De surcroît les souvenirs de ses auteurs, exprimés sept ans -moins deux jours- après la date de l’assemblée portent sur des faits trop anciens pour être considérés comme fiables.
La Cour annule par confirmation l’assemblée générale querellée.
V – SUR LES DEMANDES RÉCIPROQUES DE DOMMAGES ET INTÉRÊTS DE LA SCI STUDIOS MONTMARTRE ET DES CONSORTS Z
Les demandes précitées ne sont pas plus justifiées en appel qu’elles ne l’étaient en première instance.
Si le caractère conflictuel et tendu des relations entre les titulaires des lots de copropriété numéro 1 (la famille Z) et numéro 3 (la SCI 'familiale’ Studios Montmartre) est indéniable il n’est pas pour autant démontré que leurs prétentions procèdent d’abus de procédure.
La Cour, confirmant sur ce point, rejette ces demandes mal fondées.
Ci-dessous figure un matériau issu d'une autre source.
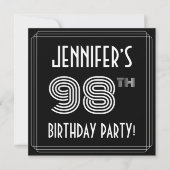98e verjaardag: Art Deco Style met aangepaste naam Kaart (Voorkant)
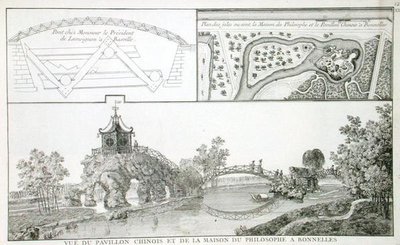 Der chinesische Pavillon und das Haus der Philosophie im Parc de Bonnelles, in der Nähe von Paris, aus 
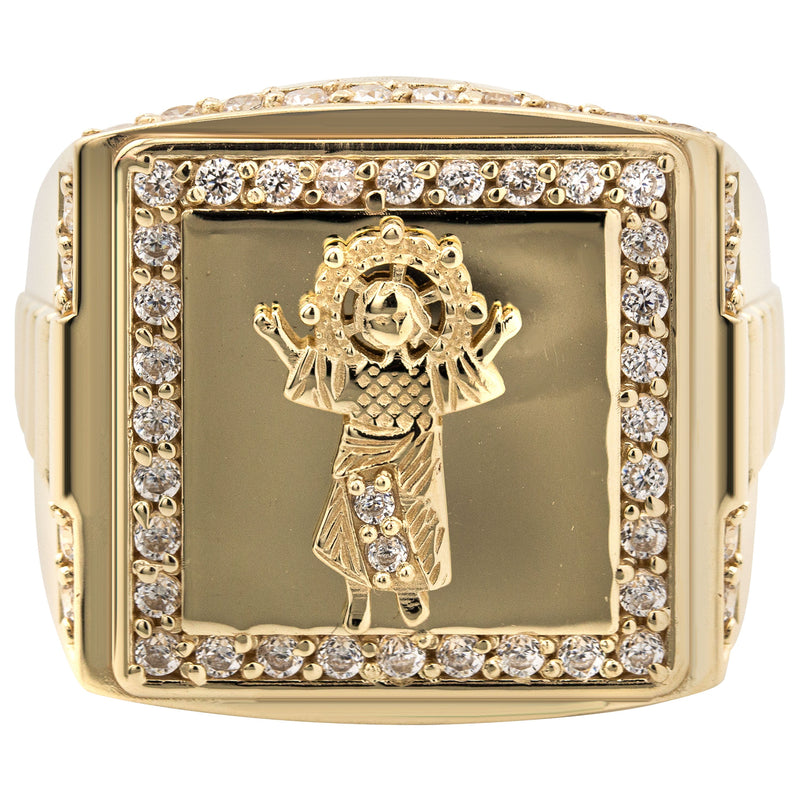 10K Gold Cz Baby Jesus Ring For Men | 6 Grams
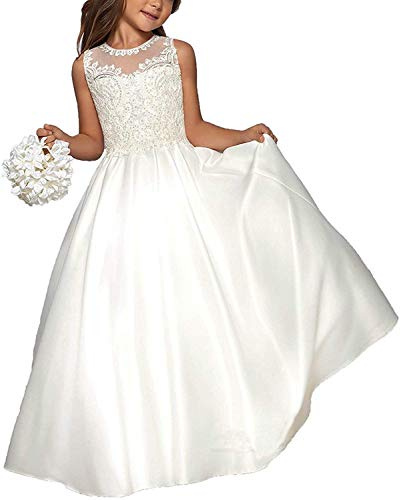 Hengyud First Holy Communion Dresses Lace Flower Girls Dress for Wedding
VI – SUR LES DEMANDES ACCESSOIRES
1) Le jugement est confirmé en ses dispositions concernant les dépens, les frais hors dépens et la dispense de participation prévue à l’article 10-1 de la loi du 10 juillet 1965 dont profiteront aussi – et seulement- les consorts Z, parties gagnantes, en appel,
2) Les dépens d’appel pèsent sur la partie perdante qui a pris l’initiative de la voie de recours et qui, l’équité le commandant, réglera 2.000 euros aux parties gagnantes au titre des frais hors dépens d’appel.
PAR CES MOTIFS, LA COUR,
Statuant dans les limites de l’appel,
DIT n’y avoir lieu de renvoyer l’affaire à une Cour d’Appel d’un ressort limitrophe,
DIT n’y avoir lieu de surseoir à statuer,
CONFIRME le jugement entrepris,
Ajoutant,
CONDAMNE la SCI Studios Montmartre à payer aux consort Z une somme globale de 2.000 euros au titre des frais hors dépens d’appel,
ETEND à la dépense commune des frais de la procédure d’appel la dispense de participation des consorts Z prévue par l’article 10-1 de la loi du 10 juillet 1965,
REJETTE les demandes autres, plus amples ou contraires,
CONDAMNE la SCI Studios Montmartre aux dépens d’appel qui pourront être recouvrés conformément à l’article 699 du Code de procédure civile.